Warsaw’s Nobel Prize Winners
– guided tour
Walk around Warsaw Following the Nobel Prize winners. We will mainly present the profiles of Nobel laureates and places associated with them. Many of the Polish Nobel Prize winners lived in Warsaw, either they were born here or spent their childhood here. Their fates intertwined with Warsaw in different ways.
During the walk, we would like to show you places related to Polish or Polish born Nobel Prize winners. We would like to talk about the relationships of individual Nobel Prize winners with Warsaw.
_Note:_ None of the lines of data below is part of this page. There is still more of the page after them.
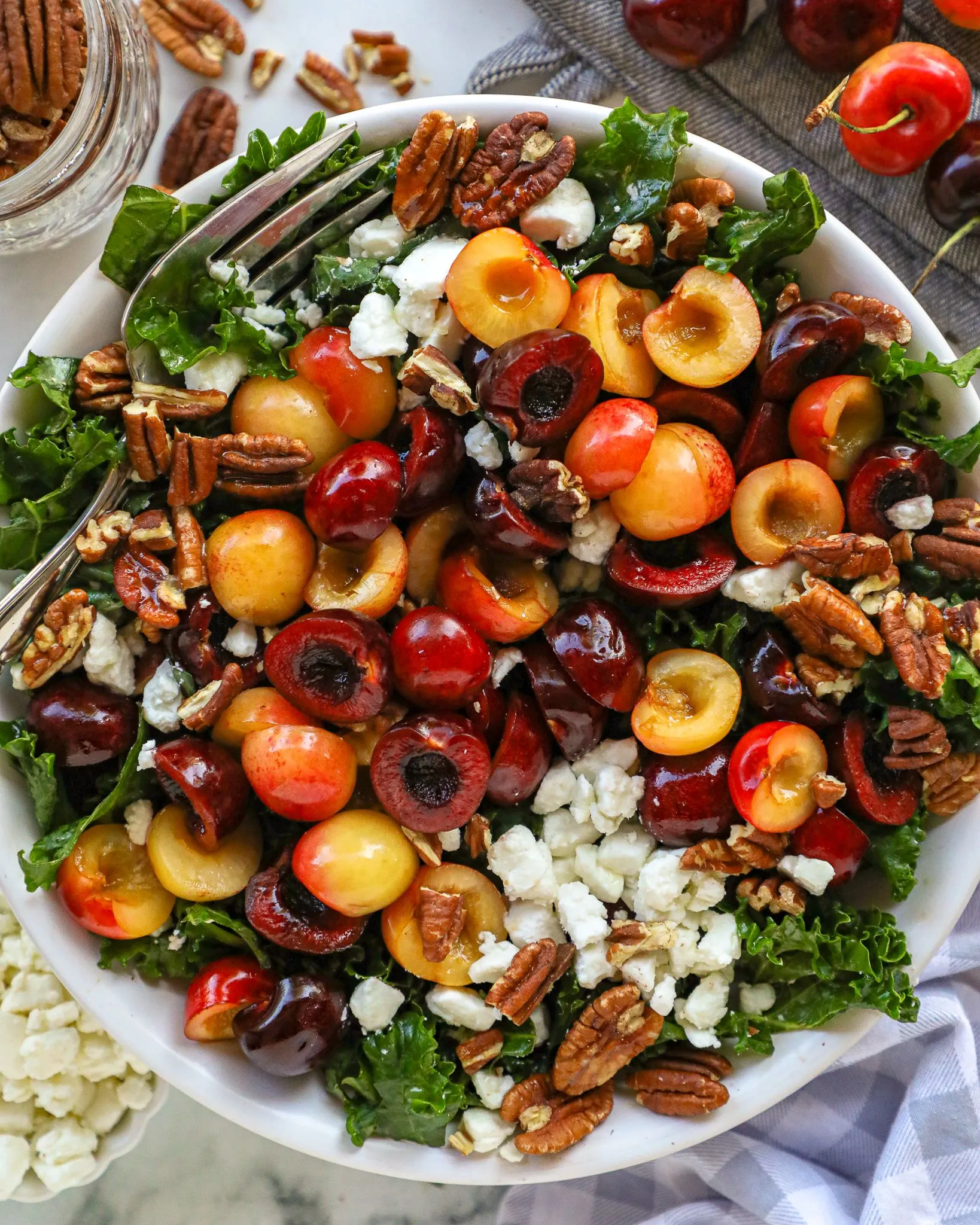 Cherry Pecan Goat Cheese Salad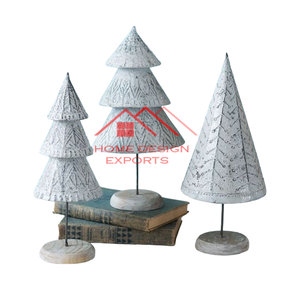 Dernier modèle Objet métallique de décoration de Noël en métal galvanisé au design vintage au prix de gros - Product Image 3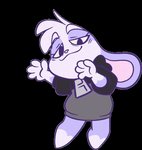 anthro dancing female fur humor long_ears purple_body purple_fur smile smug solo tired unknown_artist hunicast no_one's_around_to_help hunibun lagomorph leporid mammal rabbit 2d_animation animated animation_meme artist_name frame_by_frame lol_comments low_res meme motion_tweening short_playtime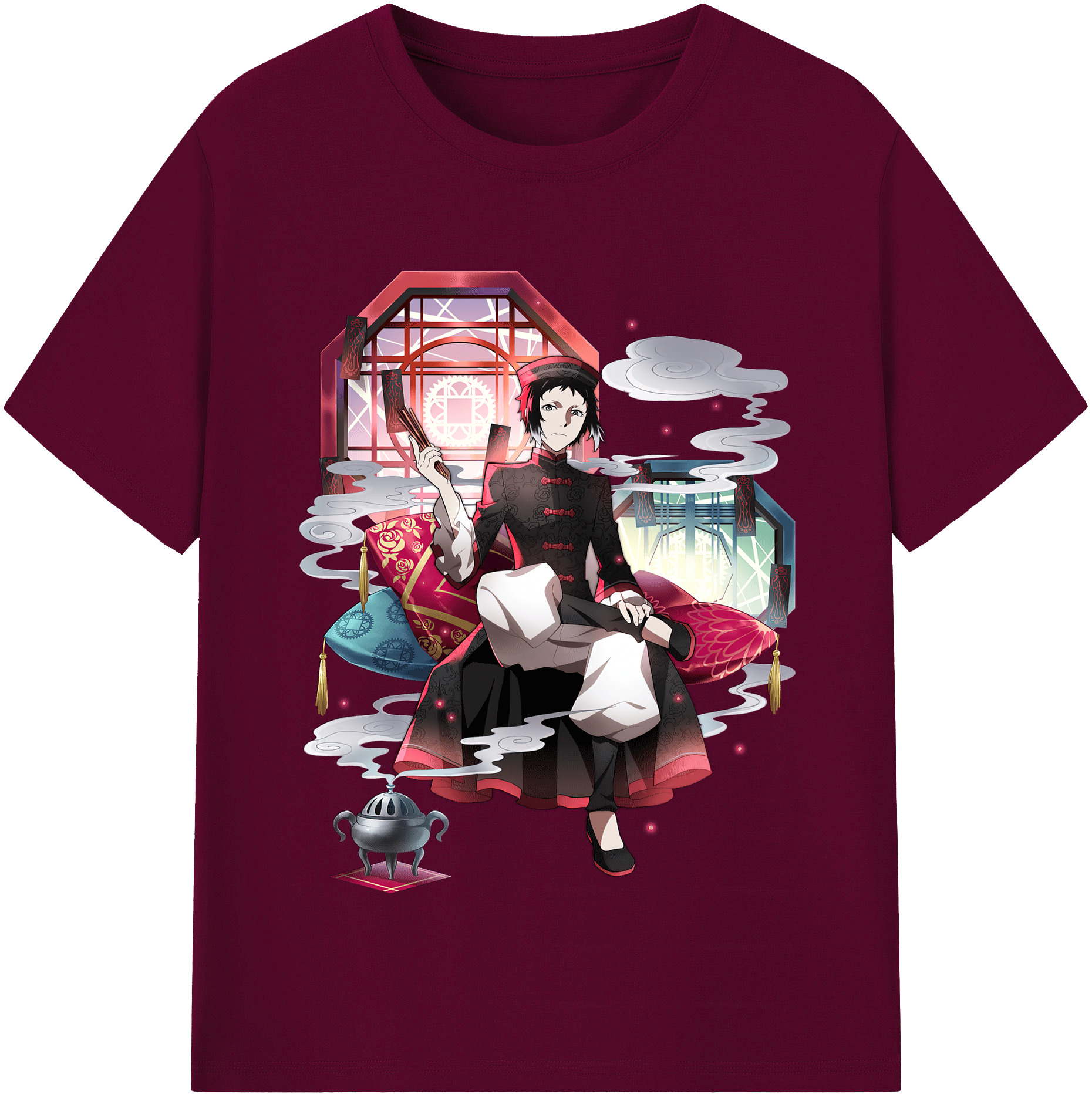 （画像用） 文豪ストレイドッグス Bungo Stray Dogs レディースカジュアルプリントTシャツ（綿100％）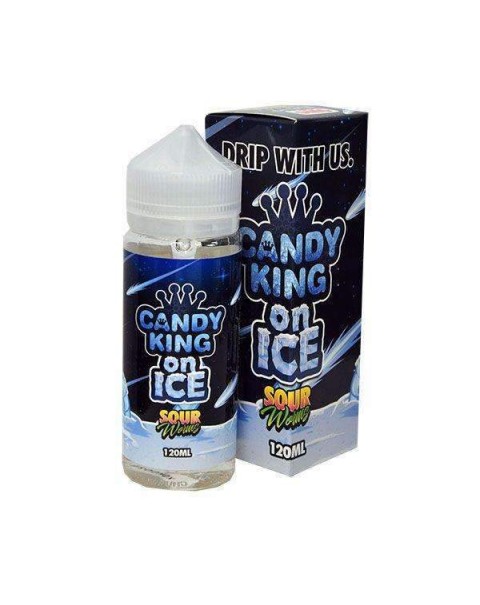 Drip More Candy King On Ice: Sour Worms 100ml Short Fill - 0mg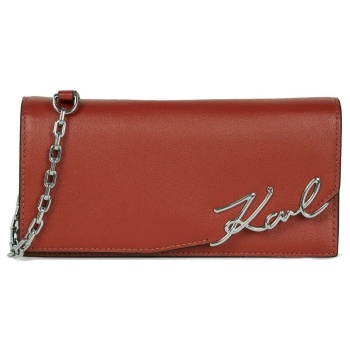 τσάντες ώμου karl lagerfeld k signature cont cb wallet | σε προσφορά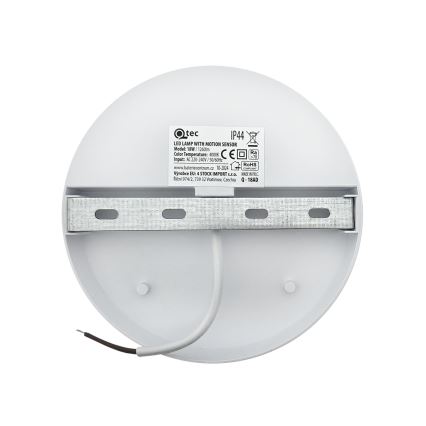 LED kültéri fali lámpatest mozgásérzékelővel LED/18W/230V IP44 fehér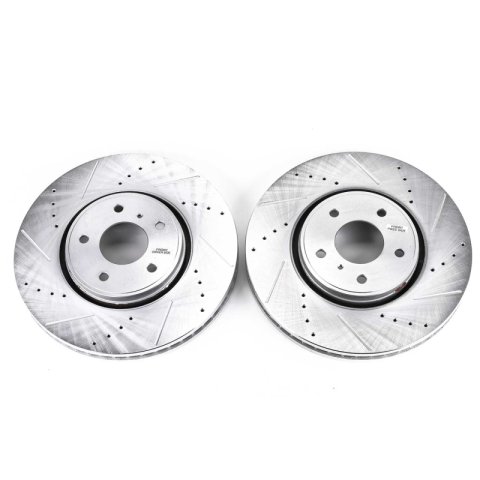 Power Stop 05-12 Infiniti FX35 Front Evolution Drilled & Slotted Rotors - Pair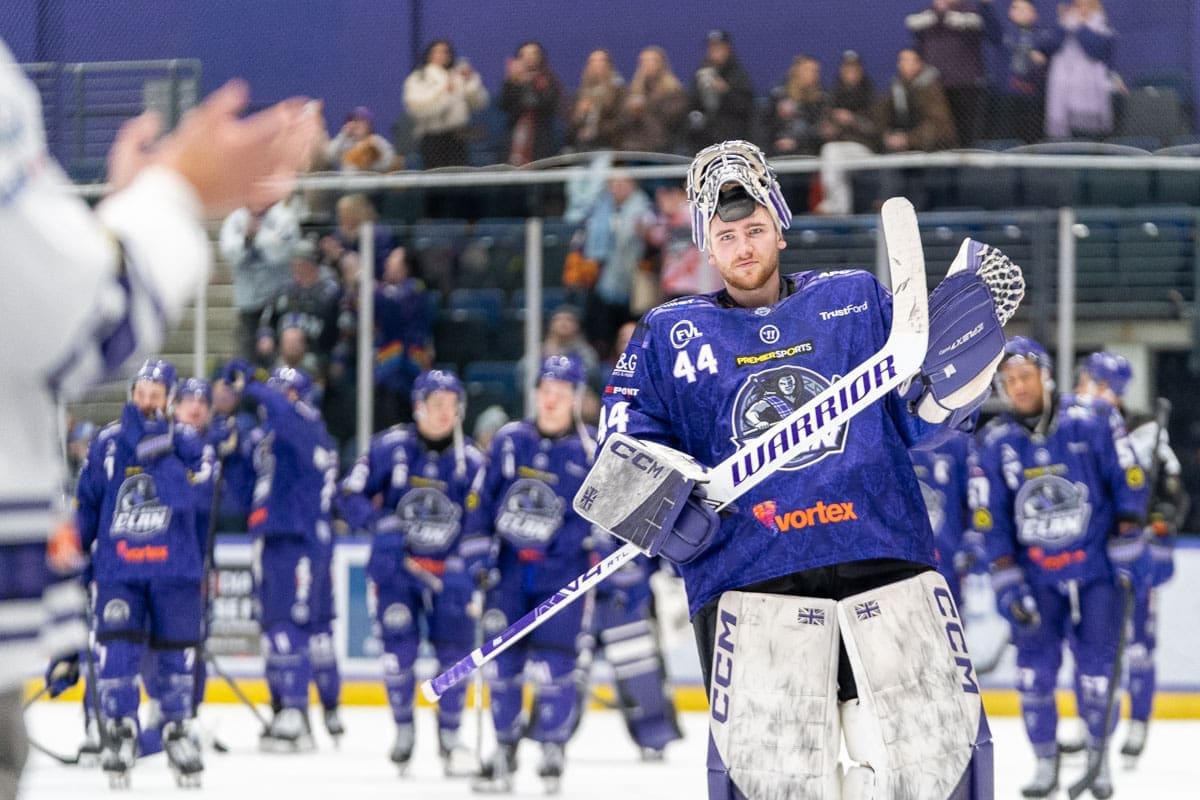 Lucas Brine, Glasgow Clan (Image: Al Goold) round 18 elite league
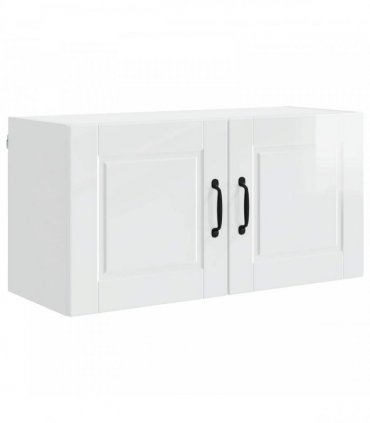vidaXL Wall Cabinet PORTO High Gloss White 80 x 31 x 40 cm — Model: 1x wall cabinet (2 doors)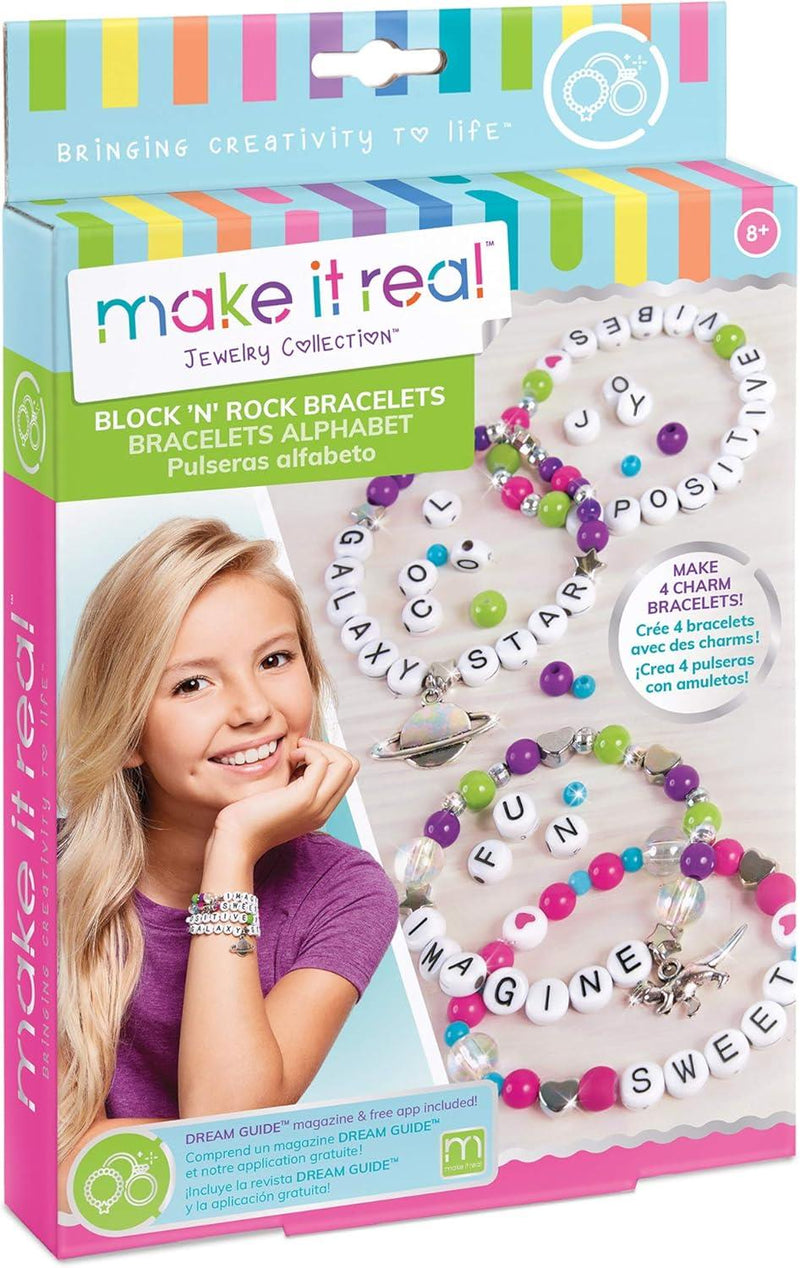 Make it Real Block and Rock Charm Bracelets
Warsaw’s Nobel Prize Winners:
- Maria Skłodowska-Curie, who is most connected with the capital of Poland. She was born and raised in Warsaw. Maria won two Nobel Prizes and became the first Professor in the history of the University of Sorbonne. She founded a unique family in which her husband Pierre Curie, her daughter Irene Joliot-Curie, her husband Frederic Joliot-Curie and son-in-law Henri Labouisse also received Nobel prizes in various fields.
- Władysław Reymont – actually Stanisław Władysław Rejment. In Warsaw he gained a profession and became a tailor. But thanks to his poetry he received the Nobel Prize for Literature – for the peasant novel „Chłopi”.
- Henryk Sienkiewicz – Henryk Adam Aleksander Pius Sienkiewicz, received his education in Warsaw and worked as an editor in Warsaw newspapers. As a result, he was awarded the Nobel Literary Award for lifetime achievement
- Menachem Begin – related to the University of Warsaw. He received the Nobel Peace Prize for political activity for peace in the Middle East.
- Józef Rotblat – another Nobel laureate associated with Warsaw. He received the Nobel Peace Prize in 1995 for organizing an international scholars’ movement for the elimination of weapons of mass destruction called Pegwash.
- Lech Wałęsa – Co-founder of the Solidarity movement and President of Poland, he also received the Nobel Peace Prize.
- Leonid Hurwicz – professor at many American universities, distinguished himself in economics. He lived in Warsaw and studied here at the University of Warsaw. In October 2007, Hurwicz shared the Nobel Memorial Prize in Economic Sciences with Eric Maskin and Roger Myerson. They received the awards „for having laid the foundations of mechanism design theory”. His theory today plays a major role in many areas economics and political science.
- Czesław Miłosz – also associated with Warsaw and the University of Warsaw. The poet, he received the Nobel Prize in Literature in 1980 and the Neustadt International Literary Prize – called „Little Nobel”.
Nobel Prize winners in Warsaw were not only of Polish origin but also of Jewish origin. Some lived and others stayed only temporarily in our capital or are buried in Warsaw cemeteries. During the walk, we will also present distinguished people who, thanks to their merits, were nominated for the Nobel Prize, but never got it.